NOK Rates – NIBOR and NOWA

I wrote about Scandie swaps in October 2018. In that blog I noted that OIS doesn’t really trade. This hasn’t changed in the interim period – SDRView shows just the occasional DKK OIS trade reported. We did, however, see some SEK OIS cleared at Nasdaq OMX in April via CCPView:

SEK OIS are cleared occasionally…

Generally, it remains true to say that Scandie swaps remain tied to ‘IBOR-like indices.

I went out to investigate why, and I discovered that there was a whole lot of stuff I didn’t know about the NOK market. Amir recently described me as a “Libor geek”, so I felt like I needed to brush up my knowledge!

Read on to see what I discovered.


Most NOK derivatives traded today are tied to NIBOR in the Norwegian IRS market. But what is NIBOR? I thought this was a simple question, but when looking into the details, I found that the NIBOR rate is somewhat different to other ‘IBORs. From the NoRe guidelines:

Nibor is to reflect the interest rates that lenders in the interbank market charge for unsecured loans in NOK.

Guidelines for panel banks’ Nibor submissions. NoRe are the benchmark administrator.

So far, so normal. However…

When NOK liquidity is traded in the forward exchange market, the NOK interest rate must be determined as the sum of the relevant foreign interest rate and the return derived from the difference between the spot rate and the forward rate – the forward premium (which may also be negative).

Guidelines for panel banks’ Nibor submissions

The Guidelines go on to explain that most liquidity, in volume terms, is in the forward exchange market.

So here we have a small domestic market that is choosing to use the implied interest rates from the FX forwards market to define its’ domestic interest rates. When searching for a transaction-based mechanism to define an interest rate, this has always been an attractive solution to me.

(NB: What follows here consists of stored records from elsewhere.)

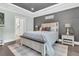 Well-lit main bedroom showcasing a gray accent wall, a large bed, and elegant decor at 467 Hidden Meadow Ln, Summerville, SC 29486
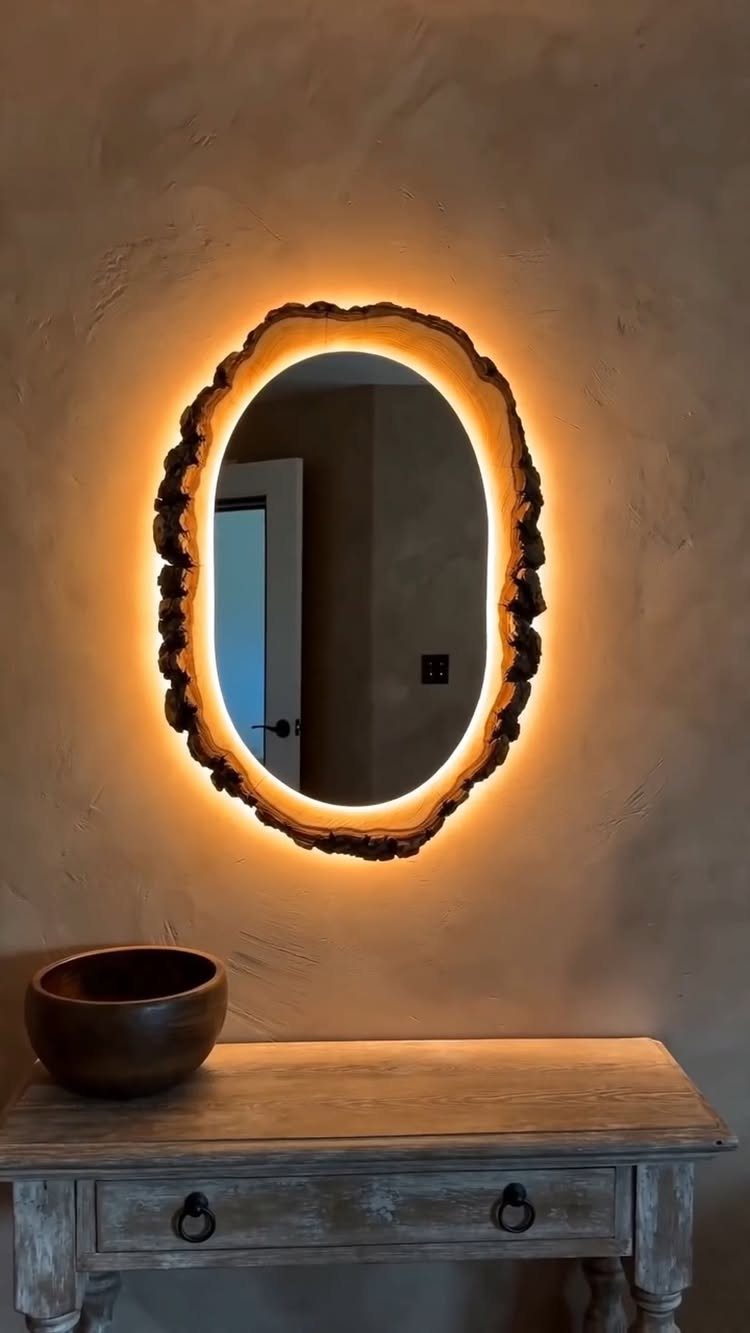 Backlit organic wooden mirror hanging above a rustic weathered wooden console table.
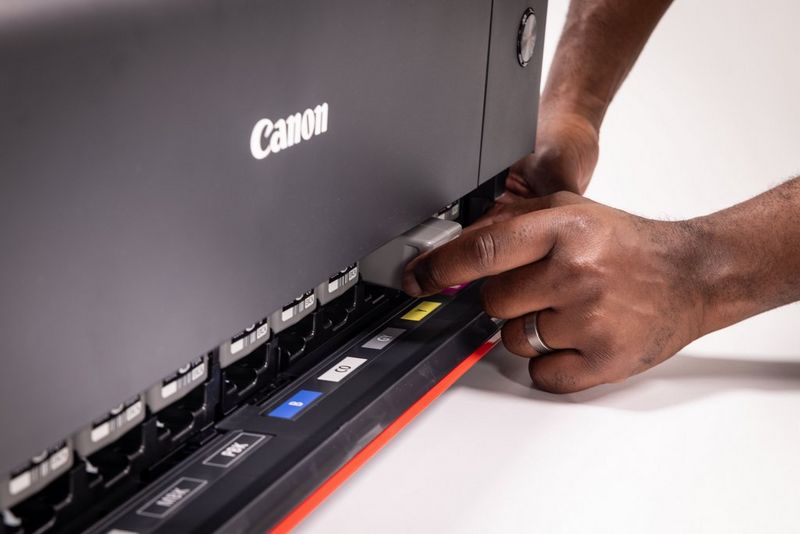 De hand van een gebruiker vervangt een van de 12 inktcartridges aan de voorkant van een Canon imagePROGRAF PRO-1100-printer.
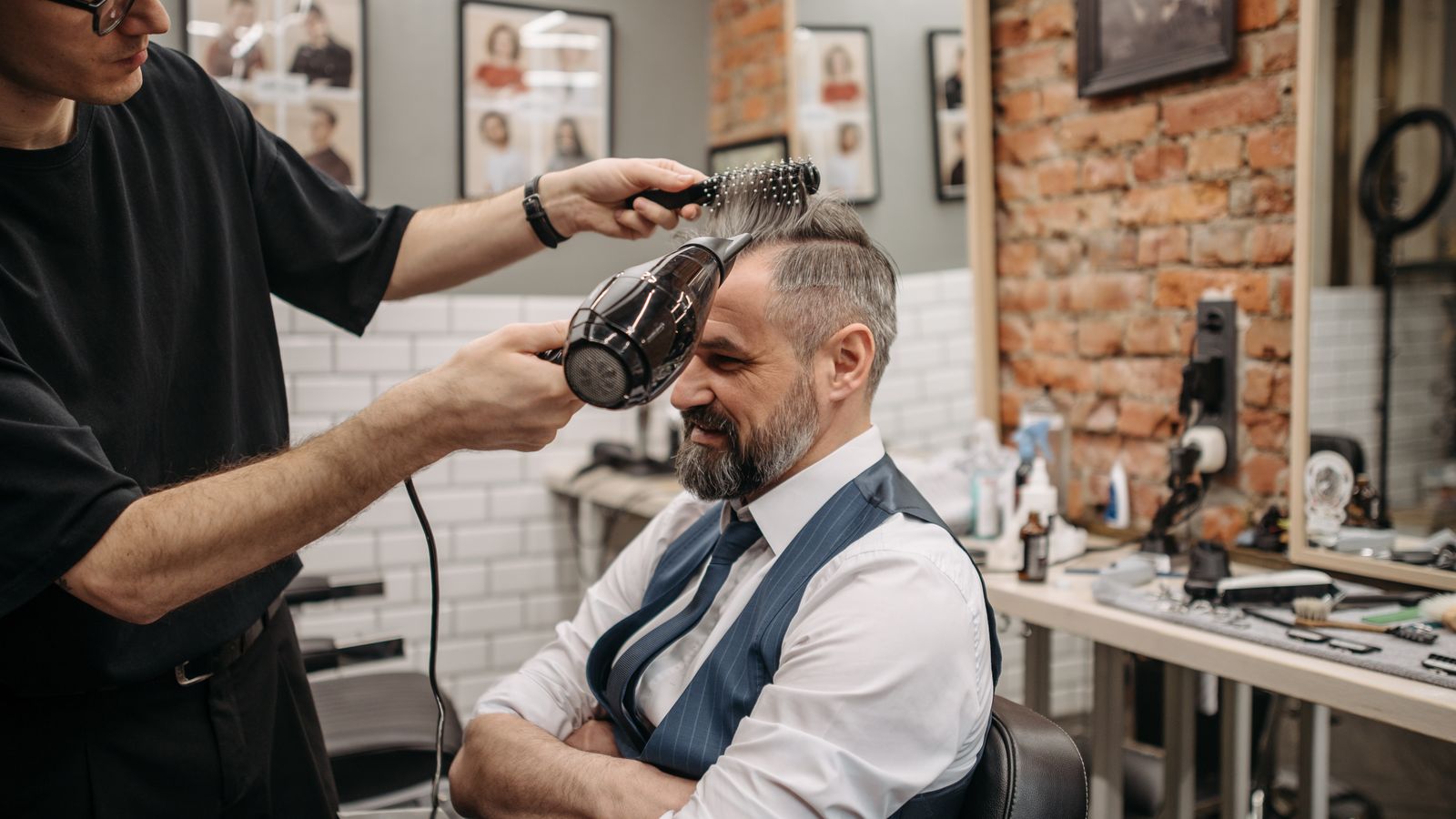 An elderly man gets his hair blow-dried by a barber in a modern barbershop setting.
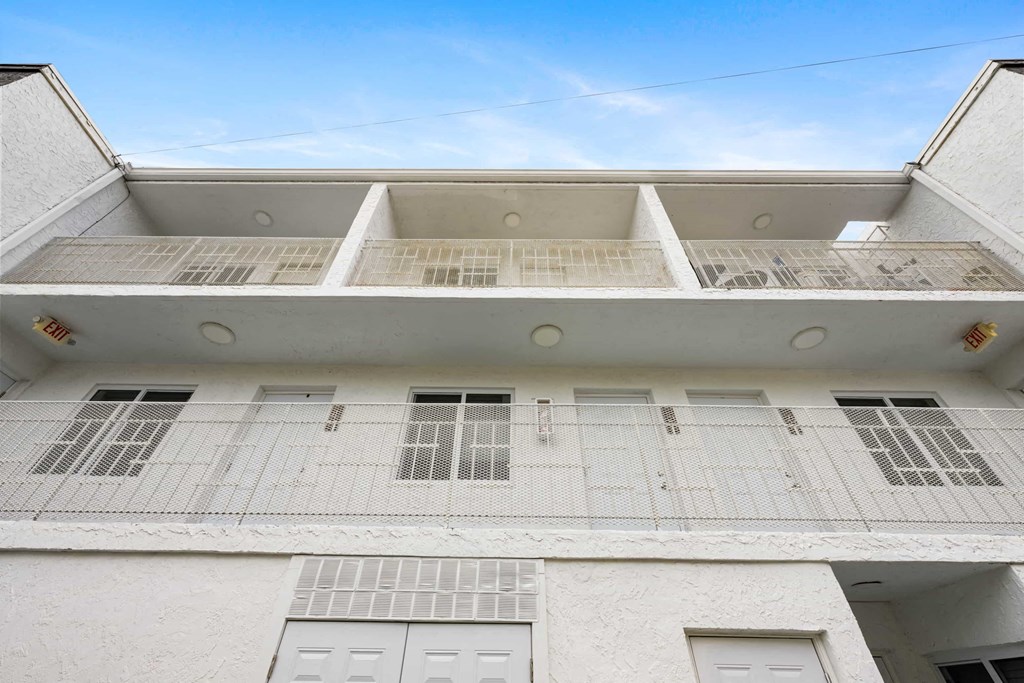 A white building with a flat roof and rectangular windows.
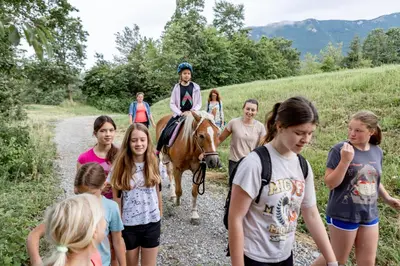 a girl riding a horse with a group of kids at Smrekarjeva Domačija in Postojna
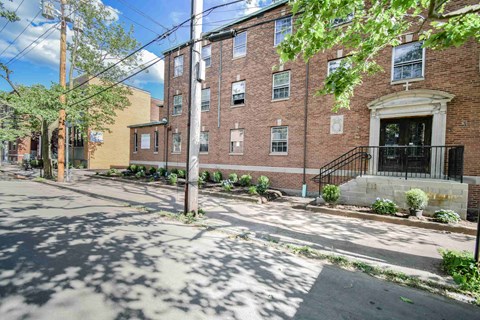 a brick apartment building with a street in front of it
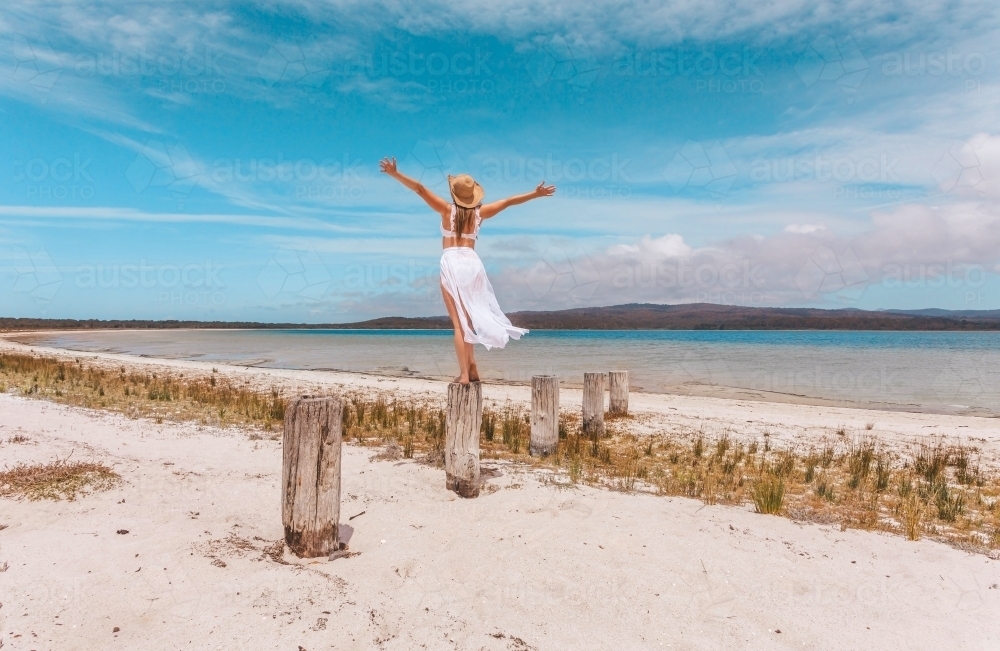 Female joy freedom live life to the full travel beach concept - Australian Stock Image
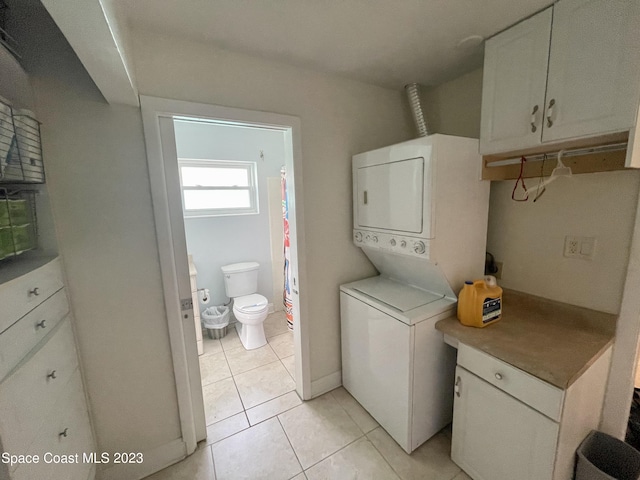 washroom featuring light tile floors and stacked washer and dryer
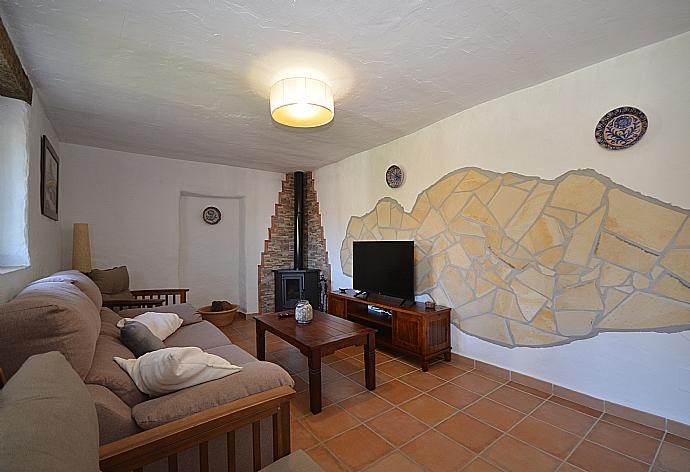 Living room with sofas and TV . - Villa Cortijo Mar . (Photo Gallery) }}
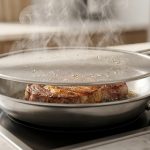**Alt text:** A thick ribeye steak searing in a stainless steel skillet on an induction stove, covered by a fine-mesh splatter guard with steam rising through it.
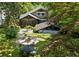 Aerial view of the exterior showcasing the home, carport, and lush backyard at 608 Sherwood Ne Rd, Atlanta, GA 30324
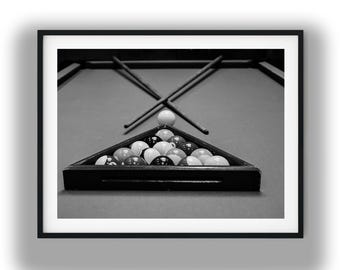 May include: A black and white framed print featuring a triangular rack filled with billiard balls on a pool table. Two crossed pool cues are positioned behind the rack, with a single white cue ball resting between the cues and the rack.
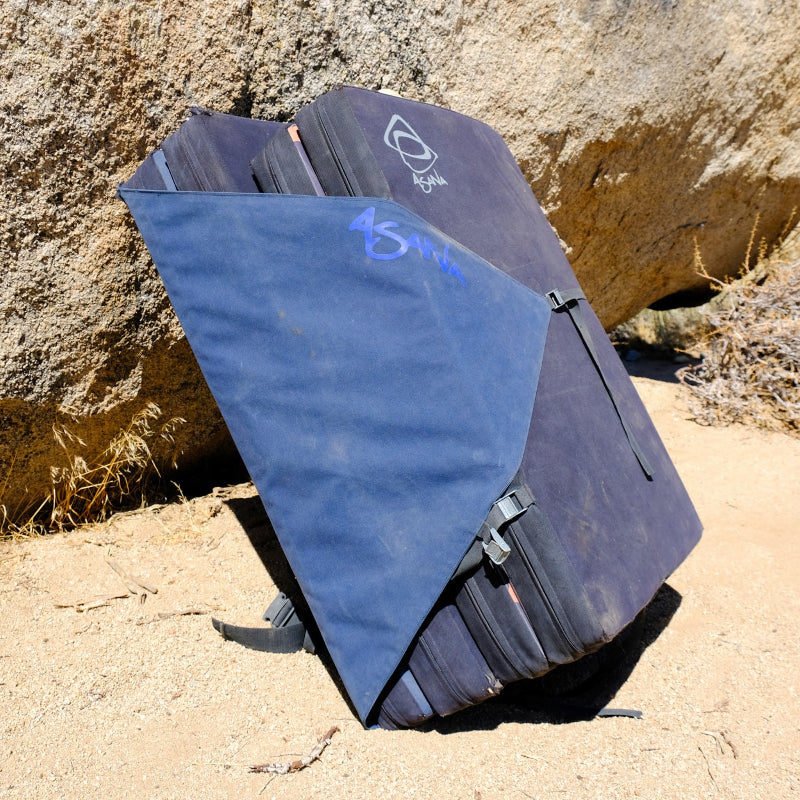 A smaller crash pad strapped to a large crash pad, both leaning against a boulder.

It’s probably no surprise that I, as an ex Cross Currency trader, thought this was a good idea. As far as I am aware, only the NOK market has chosen FX forwards to imply domestic rates.

NIBOR via FX – is it a good idea?

I thought NIBOR implied from FX was a great idea because:

  • It is transaction based.
  • FX swaps are essentially collateralised loans, with the collateralisation currency happening to be a foreign currency. This means that they are quite well protected from a counterparty credit perspective.
  • Volumes are dominated in the three month and less tenors – perfect for LIBOR-type replacements.
  • The USD interest rate used to define the domestic rate is well observed via transactions – either Fed Funds or SOFR.

NOK Consultation

However, the work being done in Norway on alternative reference rates
has somewhat rocked my view of the world.

The national working group have publicly consulted on rates in Norway – it is well worth a read(it is refreshingly short).

The Consultation considers a pure “Foreign Exchange Swap Rate”. Unlike NIBOR, this could be calculated based solely on observed rates, rather than asking banks to use the implied rates (“plus a spread”) to make their NIBOR submissions, as is the case today.

The problem? VOLATILITY. Have a look at the chart from the consultation, showing the most liquid USDNOK FX Swaps – Tom/Next. These are one day FX swaps starting tomorrow. This allows for an implied overnight interest rate to be calculated. It can be considered a “risk free rate” due to the minimal counterparty risk associated with a short FX swap (an FX swap being collateralised in the “foreign” currency).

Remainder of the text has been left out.